## ACTIVITY
In the data below, find the line containing "2025 Kia Seltos Sport+ SP2 PE" and the line containing "Piso en venta", then reproduce them and every line between, exactly. Omit pictures.

## INPUT DATA
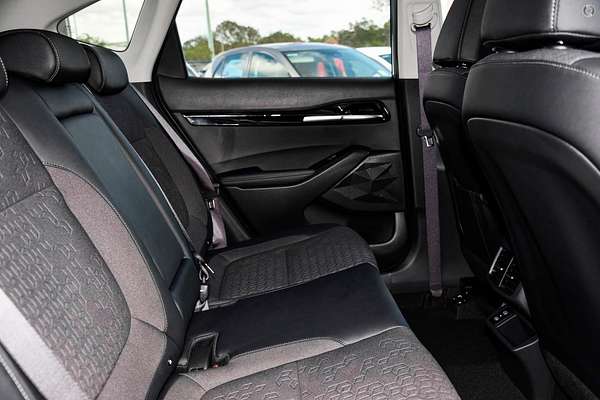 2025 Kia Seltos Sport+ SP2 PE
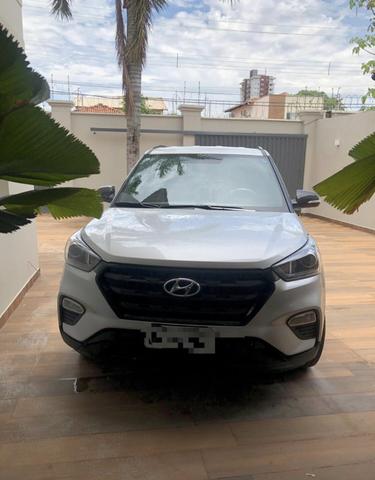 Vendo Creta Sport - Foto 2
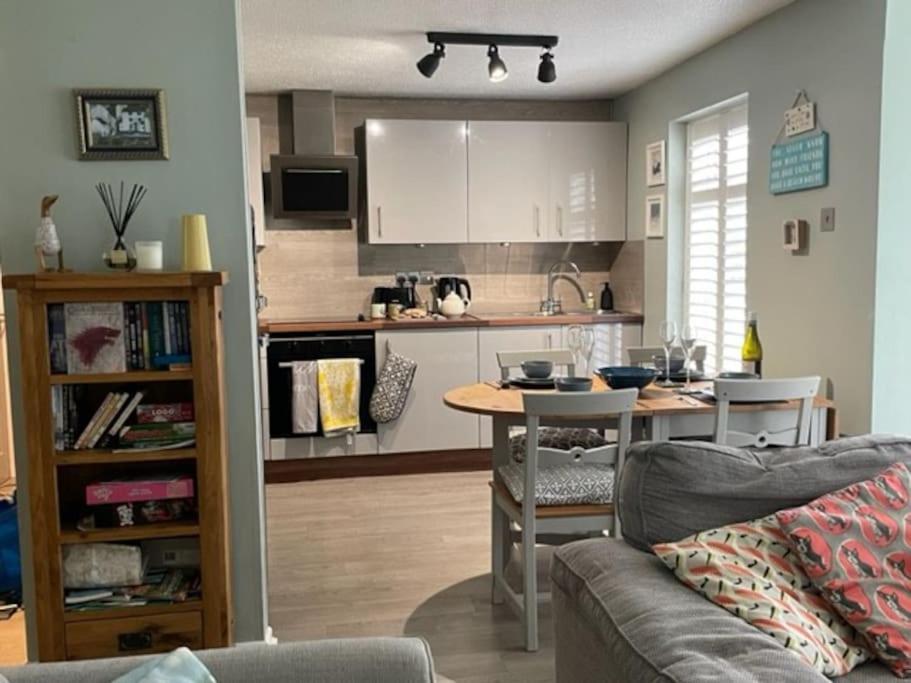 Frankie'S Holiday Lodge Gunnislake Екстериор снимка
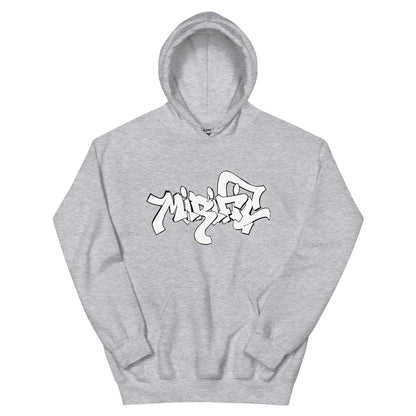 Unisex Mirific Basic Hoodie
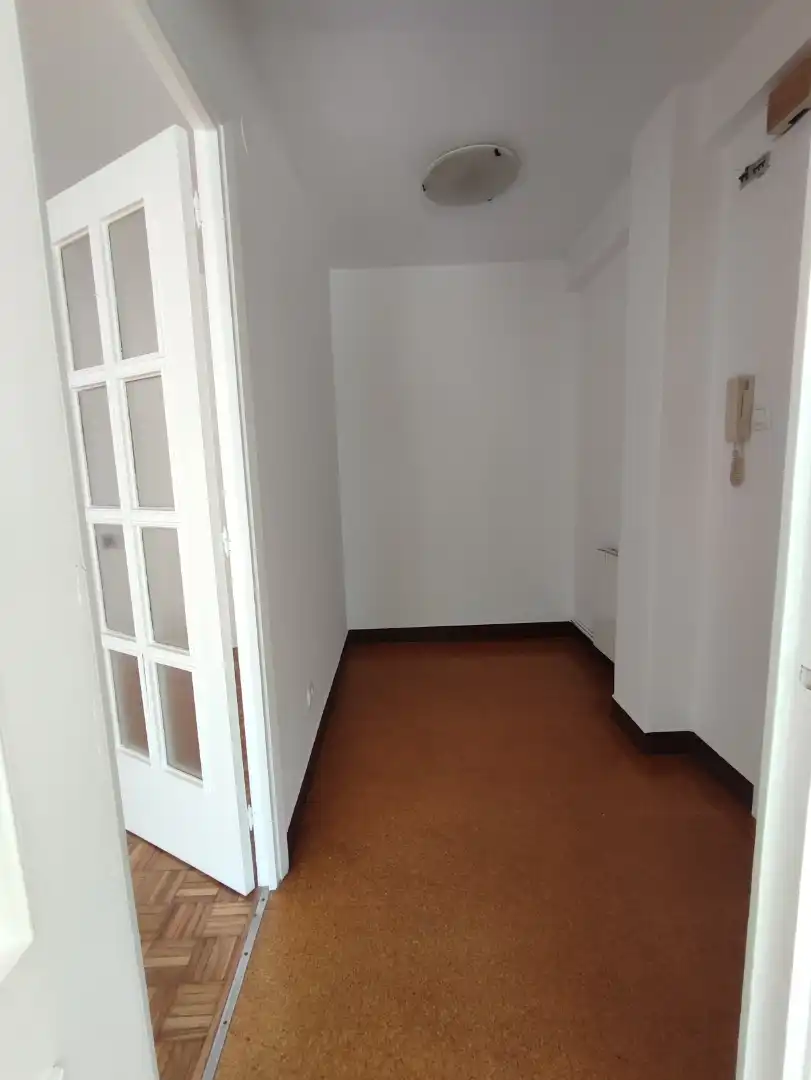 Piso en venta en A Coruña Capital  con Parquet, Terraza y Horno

==

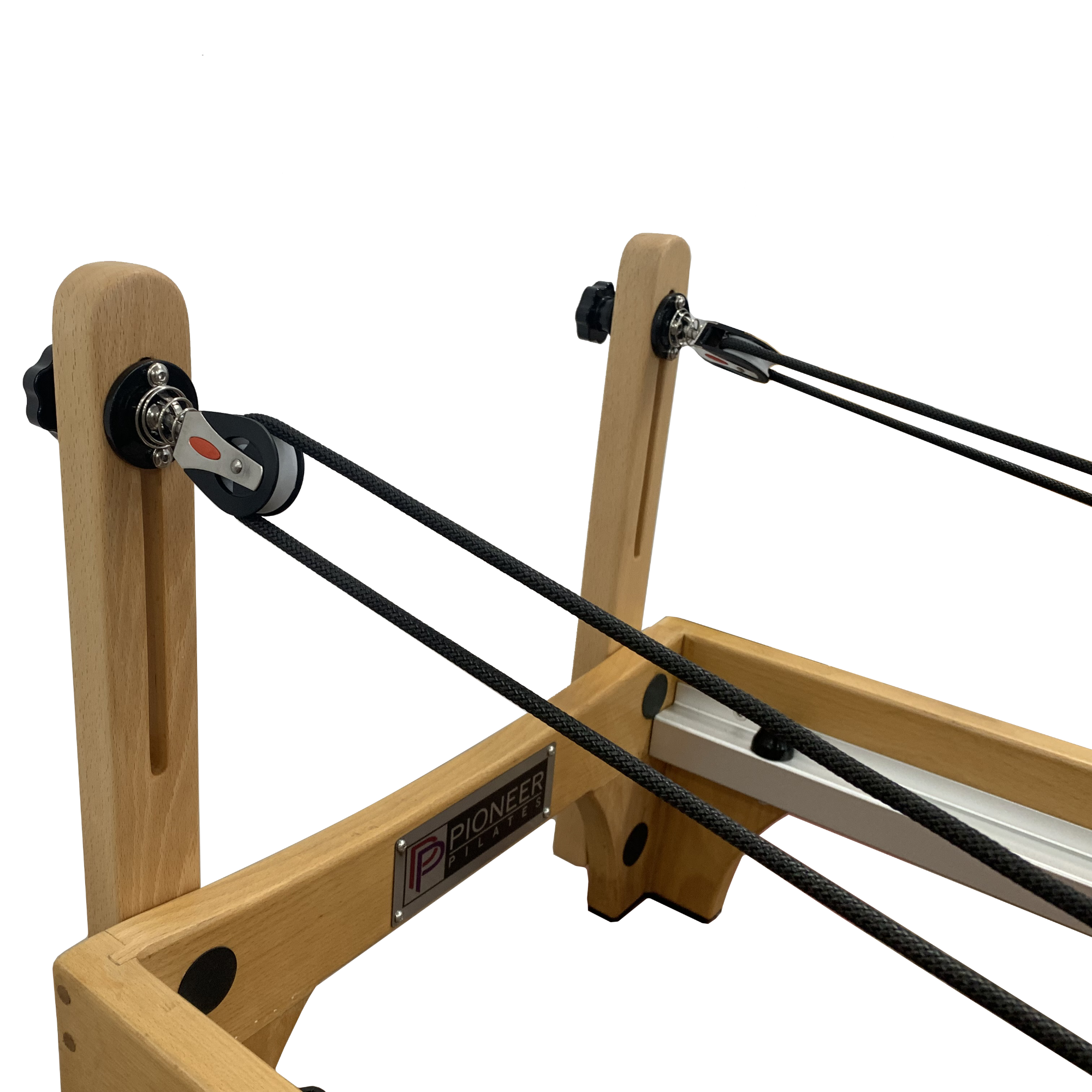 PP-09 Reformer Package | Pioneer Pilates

--

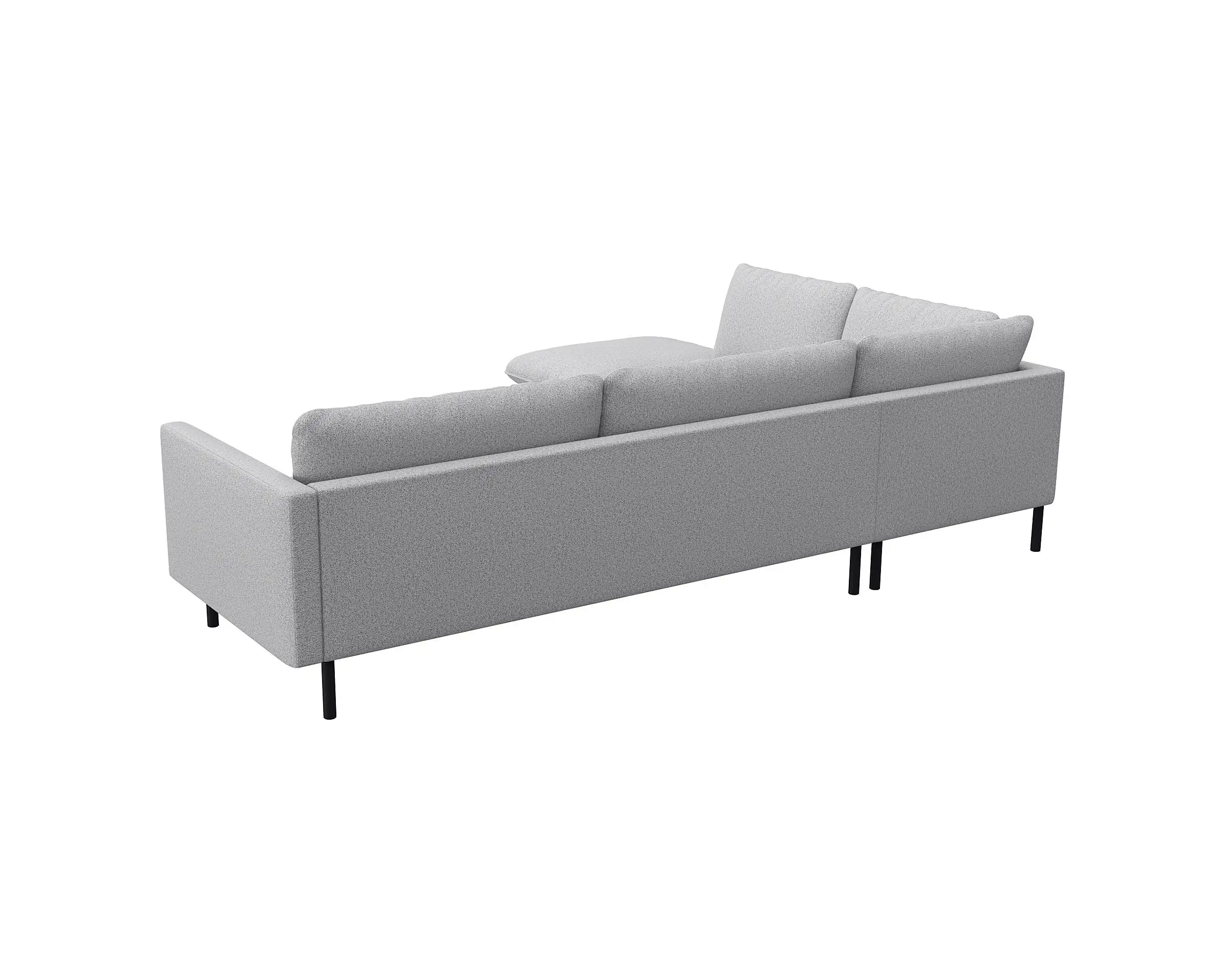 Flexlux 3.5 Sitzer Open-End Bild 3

## ANSWER SECTION
 2025 Kia Seltos Sport+ SP2 PE
 Vendo Creta Sport - Foto 2
 Frankie'S Holiday Lodge Gunnislake Екстериор снимка
 Unisex Mirific Basic Hoodie
 Piso en venta en A Coruña Capital  con Parquet, Terraza y Horno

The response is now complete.